J’en parle tout le temps, si ce n’est pas directement, c’est en y faisant référence durant une conversation avec amis et amies; ce n’est franchement pas difficile avec toutes les images sur l’extrême droite politique en ce moment.
Je veux dire, le Choixpeau magique nous avait avertis de ce qui allait se passer si « les maisons » ne se réunissaient pas?
Et ce n’est certainement pas un hasard si cette relecture d’Harry Potter m’a permis de mieux apprécier le livre La vie littéraire de Mathieu Arsenault que j’avais lu il y a quelques années, mais dont je n’avais pas retenu grand-chose.
« je ne me reconnais ni dans robert lalonde ni dans robert lepage ni dans chrystine brouillette arrêté de me prendre pour Hermione Granger dans ma cuisine et d’essayer de faire des stupéfix sur le chat je suis fatiguée de communiquer je veux foxer le monde et pisser dans mon bain »
Foxer le monde, se prendre pour Hermione Granger, espérer l’arrivée d’un hibou qui nous dira qu’on n’appartient pas vraiment à ce monde-ci, mais à un autre plus beau, plus merveilleux, je crois que c’est ce dont on a le plus besoin en ce moment.
Arsenault encore :
« Wazup les filles de mon âge faites du bruit moi qui dans ma vie de jeune parmi les jeunes n’ai pour les romans et les relations complexes ni le temps ni la raison ni les sentiments ni l’orgueil ni les préjugées ni mansfield park »
Pour l’avoir vu à Sherbrooke, le texte de La vie littéraire dans sa version scénique gagne en force. Je ne sais pas si c’est le fait d’entendre le texte plutôt que de le lire, ou bien le jeu d’acteur très simple et très juste d’Arsenault, mais on s’y retrouve dans quelque chose de plus grand que le quotidien des écrivains et des écrivaines.
Durant une heure et vingt, Mathieu Arsenault nous parle, à travers son texte porté dans sa version papier par une narratrice, de l’incessante quête identitaire de cette génération qui est la mienne, élevée avec l’arrivée d’Internet, les jeux vidéo et une littérature jeunesse plus finement écrite qu’auparavant :
« une sorcière s’était penchée sur son berceau et maudissait cette enfant à peine née en disant ta génération sera capable de tout vous saurez réinventer la roue vous saurez vivre intensément vous saurez accomplir les rêves de toute une civilisation vous saurez retenir tous les faits mais oublier les gens vous serez écoutés par personne et parler tout de même parler par personne par jamais par rien »

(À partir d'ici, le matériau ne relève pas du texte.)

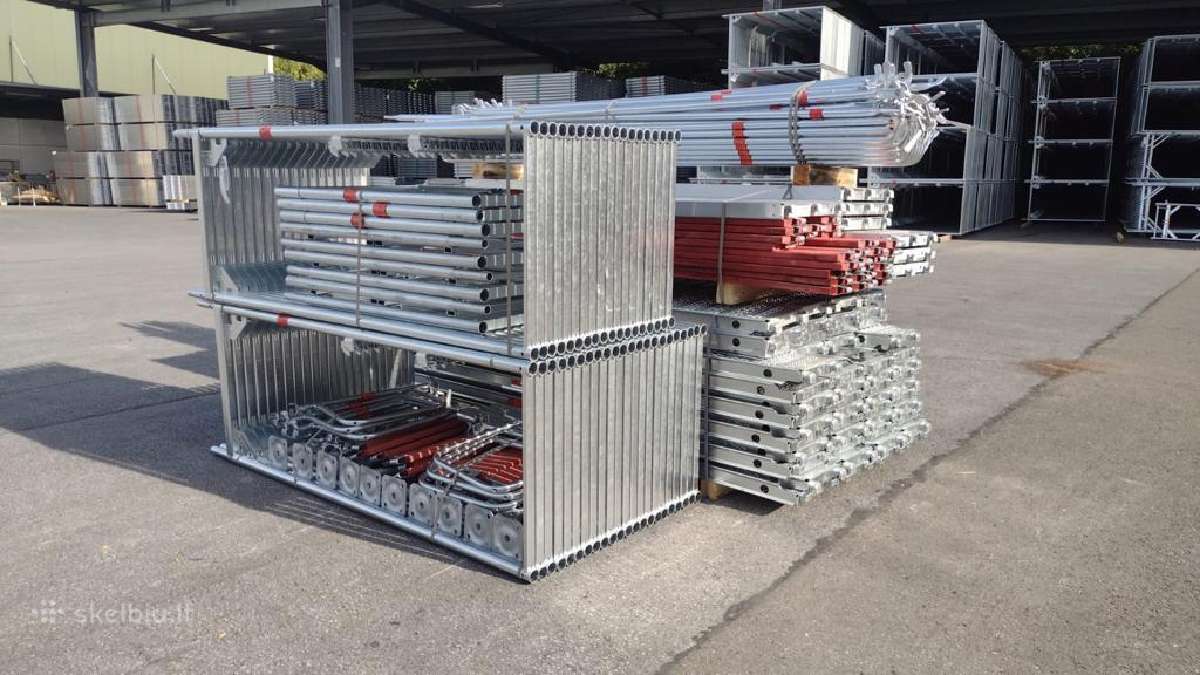 Baumann fasadiniai pastoliai 309 m²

Comparativement au livre, publié aux éditions du Quartanier, on n’a pas l’impression d’assister quelqu’une qui veut brasser la cage, cracher sur l’intelligentsia littéraire (ou presque). Dans le spectacle, la narratrice me semblait compatir, ouvrir les bras et dire seulement la vérité sur le monde d’aujourd’hui : rien ne va nous sauver de l’ennui qu’on ressent quand on se lève le matin, mais il existe des techniques pour se réfugier et recevoir un peu moins de coups.
« À quoi ça peut bien rimer la poésie il paraît que ça rime la poésie il paraît que ça te creuse et que ça te laisse en miettes c’est une cochonnerie terrible et pourtant je serais prête à tout abandonner pour elle mais j’aimerais savoir si c’est possible de continuer tout de même à pitcher de petits oiseaux fâchés qui explosent parce que j’aimerais bien unlocker l’achievement king of the caves avant que tout ce blanc de page ait fini de tapisser l’intérieur de ma vie. »
Je vous le dis : allez voir la pièce La vie littéraire le 4 novembre au Théâtre du Bic et, en attendant, n’écoutez pas de documentaires sur Vice, relisez Harry Potter, ou regardez les films, même s’ils sont un peu moins bons.